I've got a little issue here...

We're connecting Linux servers using LACP to a switch stack.
There was quite a few issues with VM connectivity which all stopped after I removed 3/4 cables from the LACP bundles on both servers.
I'm now trying to figure out what's gone wrong.

First thing I found, following a recent VLAN addition, there was no
lacp aggregation enable on the server's ports anymore.
I've added it back, but can see it's not correctly coming up:
There's no MLT trunk (dynamic) info shown, and from the examples in the LACP Configuration examples blog posts I can clearly see this should exist even when connected to non-Avaya gear.
In LACP status  I also see there's no ID for those aggr's. I'll post all of this in hope someone knows what I'm missing.


4526GTX#show stack-info
Unit# Switch Model     Pluggable Pluggable Pluggable Pluggable SW Version
                         Port      Port      Port      Port             
----- ---------------- --------- --------- --------- --------- ----------
1     4526GTX          (21) None (22) None (23) None (24) None v5.5.0.003
                       (25) Unsp (26) Unsp
2     4526GTX          (21) None (22) None (23) None (24) None v5.5.0.003
                       (25) Unsp (26) Unsp
3     4548GT           (45) None (46) None (47) None (48) None v5.5.0.003

Linux VM host using OpenVSwitch and LACP.

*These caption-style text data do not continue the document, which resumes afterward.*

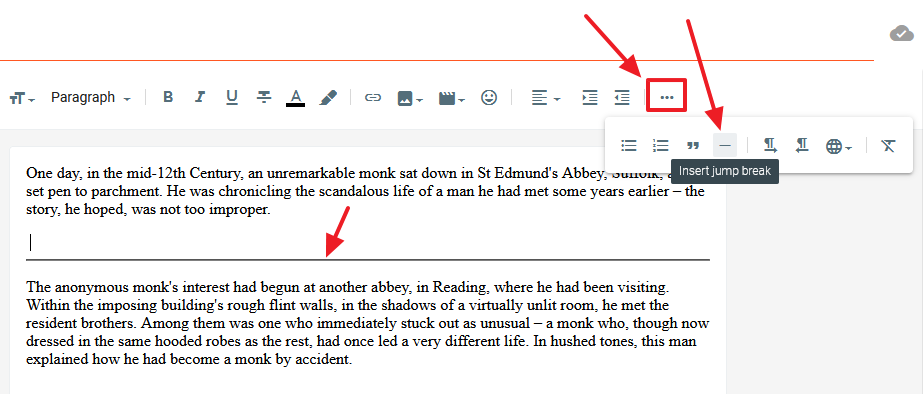 In order to insert the "Jump Break" first move the cursor to the position where you want to add "Read More" link. Click the "More options" icon (three horizontal dots). Click the Read More (-) icon.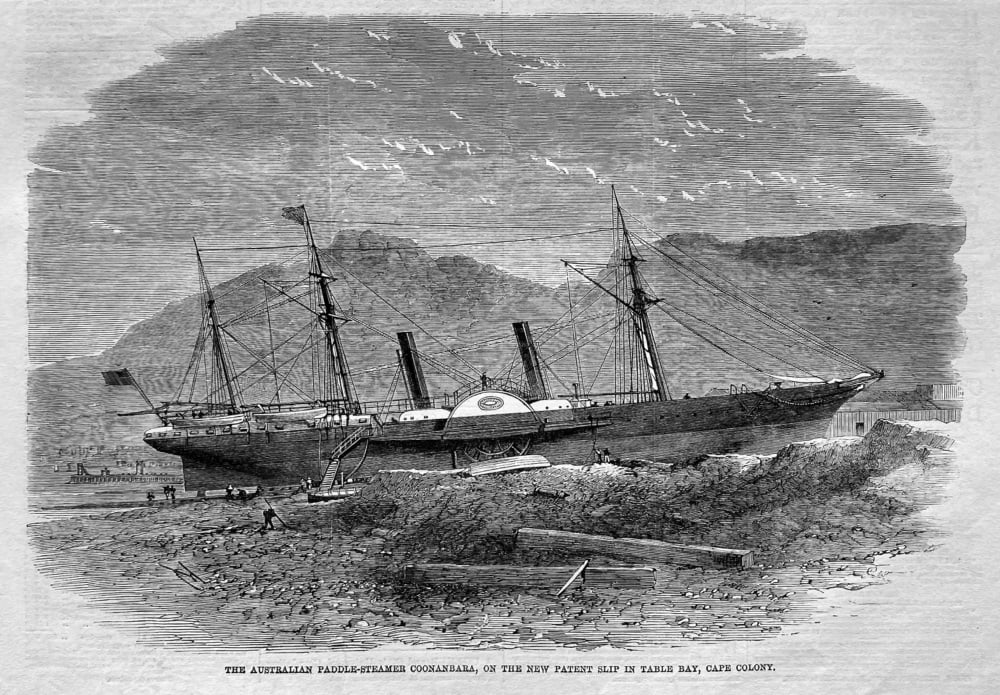 The Australian Paddle-Steamer Coonanbara,  on the New Patent Slip in Table Bay, Cape Colony.  1863.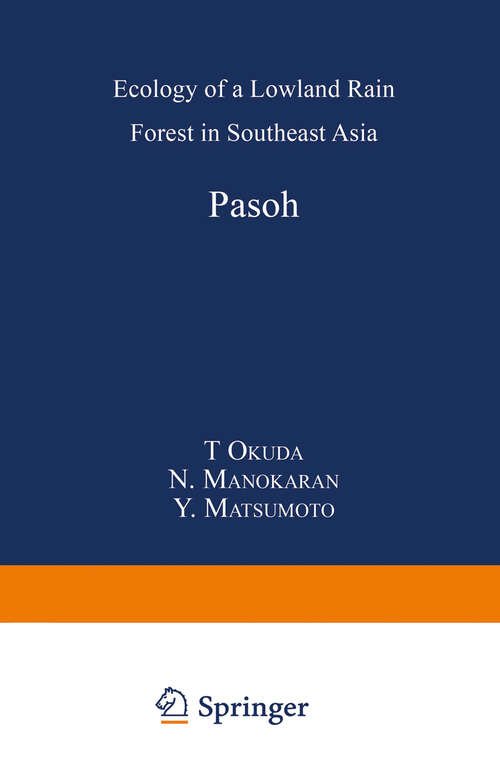 Book cover of Pasoh: Ecology of a Lowland Rain Forest in Southeast Asia (2003)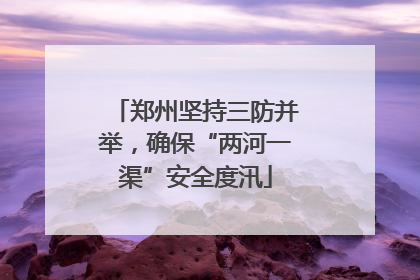 郑州坚持三防并举，确保“两河一渠”安全度汛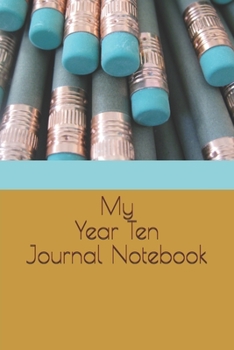 Paperback My Year Ten Journal Notebook Book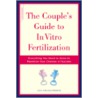 Couple's Guide To In Vitro Fertilization door Liza Charlesworth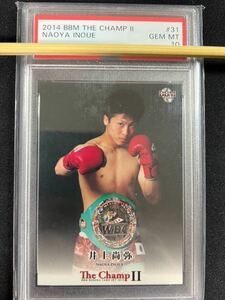 PSA10 2014 BBM the Champ 2 #31 Naoya Inoue RC ルーキー　井上尚弥RC ルーキーカード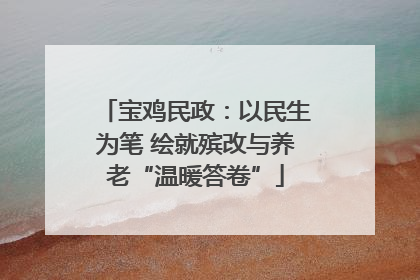 宝鸡民政：以民生为笔 绘就殡改与养老“温暖答卷”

[root@nw01 ~]# cat /proc/net/bonding/bond0
Ethernet Channel Bonding Driver: v3.7.1 (April 27, 2011)

Bonding Mode: IEEE 802.3ad Dynamic link aggregation
Transmit Hash Policy: layer2 (0)
MII Status: up
MII Polling Interval (ms): 100
Up Delay (ms): 200
Down Delay (ms): 200

802.3ad info
LACP rate: slow
Min links: 0
Aggregator selection policy (ad_select): stable
Active Aggregator Info:
        Aggregator ID: 2
        Number of ports: 1
        Actor Key: 17
        Partner Key: 12533
        Partner Mac Address: 00:xxx

Slave Interface: eth0
MII Status: down
Speed: Unknown
Duplex: Unknown
Link Failure Count: 0
Permanent HW addr: xxx
Aggregator ID: 1
Slave queue ID: 0

Slave Interface: eth1
MII Status: up
Speed: 1000 Mbps
Duplex: full
Link Failure Count: 0
Permanent HW addr: xxxx
Aggregator ID: 2
Slave queue ID: 0

I've skipped the other two ports, they're unplugged at the moment, but members of the bond.
I've also rebooted the VM host I'm showing output from to make sure it's "clean".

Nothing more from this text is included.